Breakout Session Notes -- Making Data Driven Decisions -- Lead Generation

Thanks to Matt Biskup of AdEngine for leading the roundtable and capturing the notes.

Following the Bridging the Data Divide discussion, the lead generation specialists pulled up chairs for what they knew was about to be a wide-ranging discussion.

Data and the concept of lead generation go hand-in-hand.

Lead generation is one of the most mission critical activities and is largely driven by search. The discussion started off ironically with an extension of panelist John Marshall’s (CTO of Market Motive) fresh statement from the podium just minutes before that cautioned data analysts and marketers not to focus too hard on improving conversion of the 2% of total site traffic that already converts, but to segment and survey and try to improve conversion of the 98% of traffic that does not convert.

This was a great starting topic as if forced a quick look at the strategically valuable "why" and "what" to analyze before the discussion of tactics of analyzing data began.

The subject of lead attribution was discussed, also an extension of the preceding panelist discussion of the proper consideration of and the technical attribution of non-search marketing that the company may also conducting.

A quick poll of the round table attendees showed a mix of in-house and agency specialists which supported both internal and external clients.

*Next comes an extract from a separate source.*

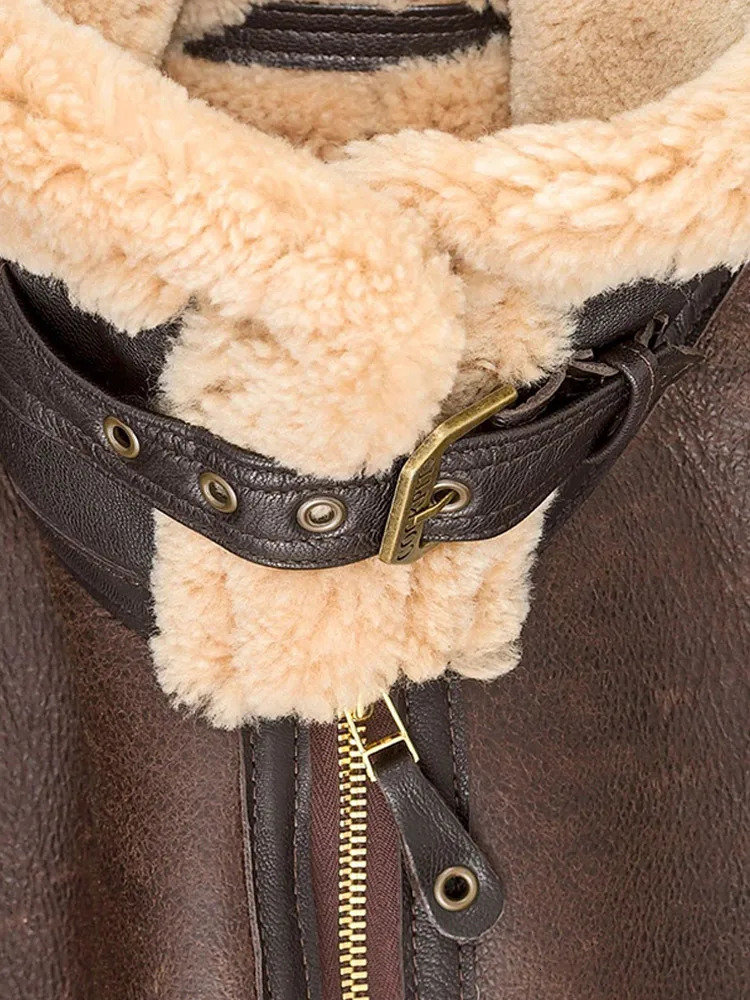 2024 Winter Faux Leather Fur Wrm Coat For Male Fashion Lapel Long Sleeve Fleece Jacket Mens Thicken Zipper Pocket Furry Outcoat 241120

This is an important observation when discussing a subject of lead attribution because agencies may not be cognizant of the full spectrum of marketing taking place in a company. Search analysts may not be apprised of an online display campaign for example, let alone offline marketing efforts.

The consensus of table was that the complexity of tracking all the potential combinations of marketing exposures for a site visitor was daunting and making marketing ROI judgments from such tracking would be difficult at best.

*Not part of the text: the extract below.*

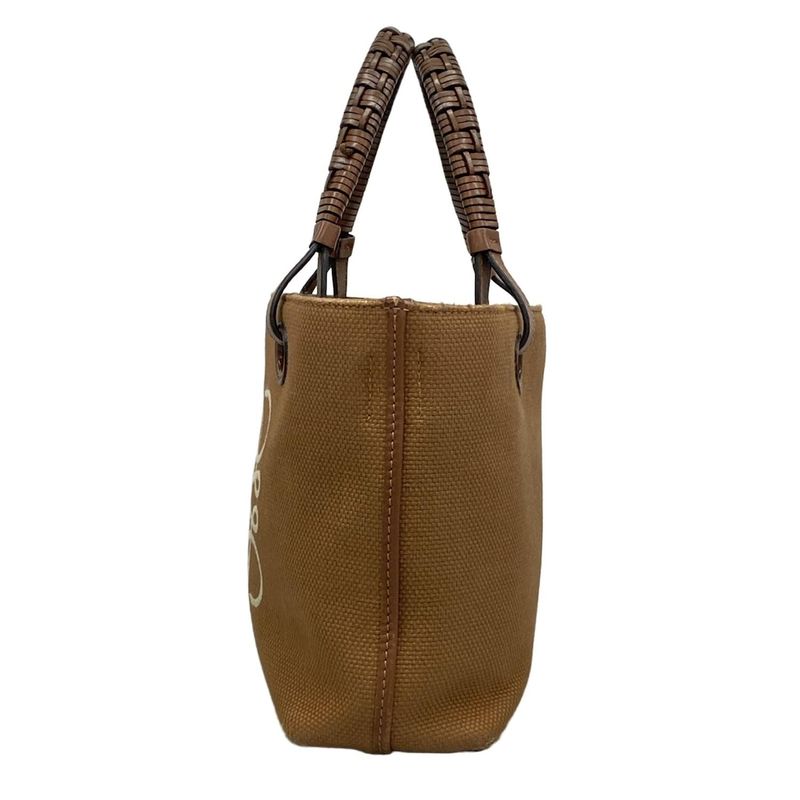 Loewe Handbag Anagram Tote Mini Brown Leather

Lead gen clients often do not close the loop of data by reporting to the search team which leads closed, so attribution of a lead form completion event was still the most common measure even using sophisticated tools. A truly effective ROI analysis would only be able to come from a review of traffic that ultimately converted into a sale after the lead conversion took place.

Another wrinkle to the online lead form completion and subsequent lead source attribution tracking issue was the use of telephone numbers on landing pages used by some clients. The quotient of potential clients that called into a call center in lieu of completing an online lead form were often not tracked or calculated by clients.

Sometimes, the lead generation experts even advised the use of trackable telephone numbers only to be not permitted to do this due to lack of client interest or budget limitations.

The participating lead generation experts discussed the issue of client-side lack of sophistication in the online arena.

Many clients are opting to take online search in-house only to be overwhelmed by the learning curve or hastily losing their marketing investment by making mistakes that a professional online marketer would not make. Often the result is a lowering of the value of online search in the eyes of the client altogether, even though the inefficiencies that they experienced were a result of their own execution and not a general market opportunity issue.

This issue of increasing technical and marketing sophistication is overlaid onto an erroneous client perspective that online marketing should be inexpensive and getting less expensive as volume goes up.

The result of these converging realities could be the complete loss of the independent lead generation function if the lead generation clients are not educated to appreciate the value of professional lead generation expertise versus simply conducting lead generation activities on their own sites with their own staffs.